■ Supplied data ■
# # # #

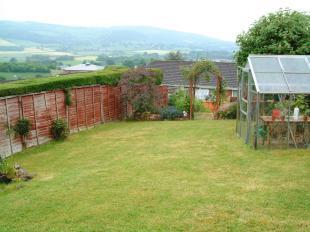 Back Garden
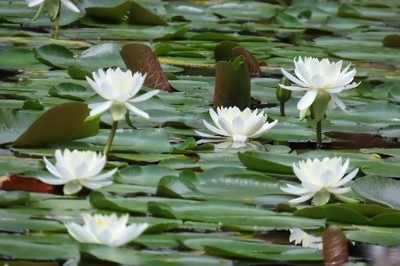 内庭のスイレンの様子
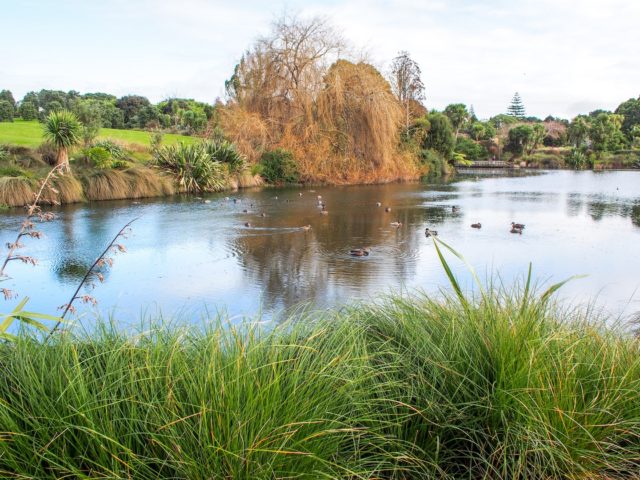Auckland Botanical Gardens Pond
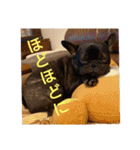 プタウタモガ 2（個別スタンプ：12）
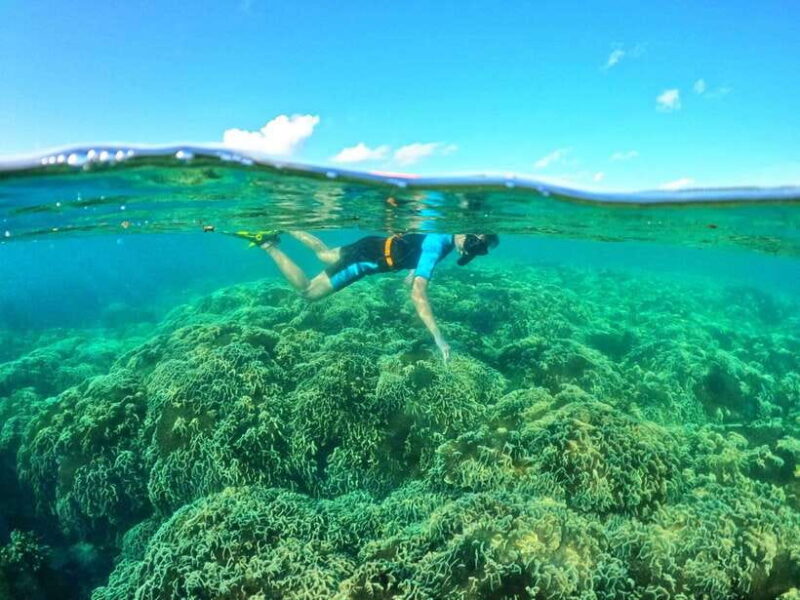 South Phu Quoc: Pro Snorkeling Tour by Speedboat - Transportation and Pickup Details
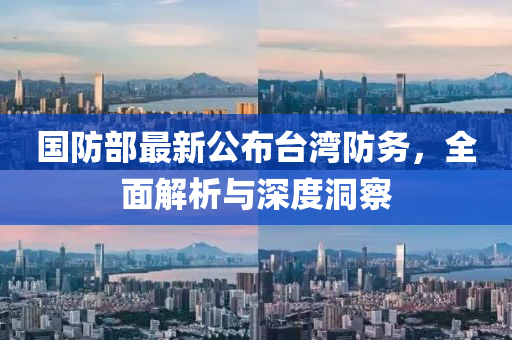 国防部最新公布台湾防务，全面解析与深度洞察
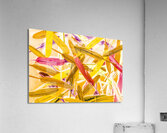 Palletry Plumes Acrylic Print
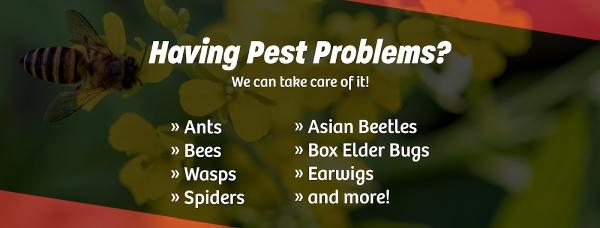 MRK Pest Control
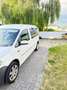 Volkswagen Caddy Caddy 2.0 TDI (5-Si.) DSGMaxi Weiß - thumbnail 2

# # # #

■ Instructions to follow ■
Return exactly, and only, the lines that run from the line containing "Auckland Botanical Gardens Pond" to the last line of the entries above, both ends included, with pictures left out.

■ Output below ■
Auckland Botanical Gardens Pond
 プタウタモガ 2（個別スタンプ：12）
 South Phu Quoc: Pro Snorkeling Tour by Speedboat - Transportation and Pickup Details
 国防部最新公布台湾防务，全面解析与深度洞察
 Palletry Plumes Acrylic Print
 MRK Pest Control
 Volkswagen Caddy Caddy 2.0 TDI (5-Si.) DSGMaxi Weiß - thumbnail 2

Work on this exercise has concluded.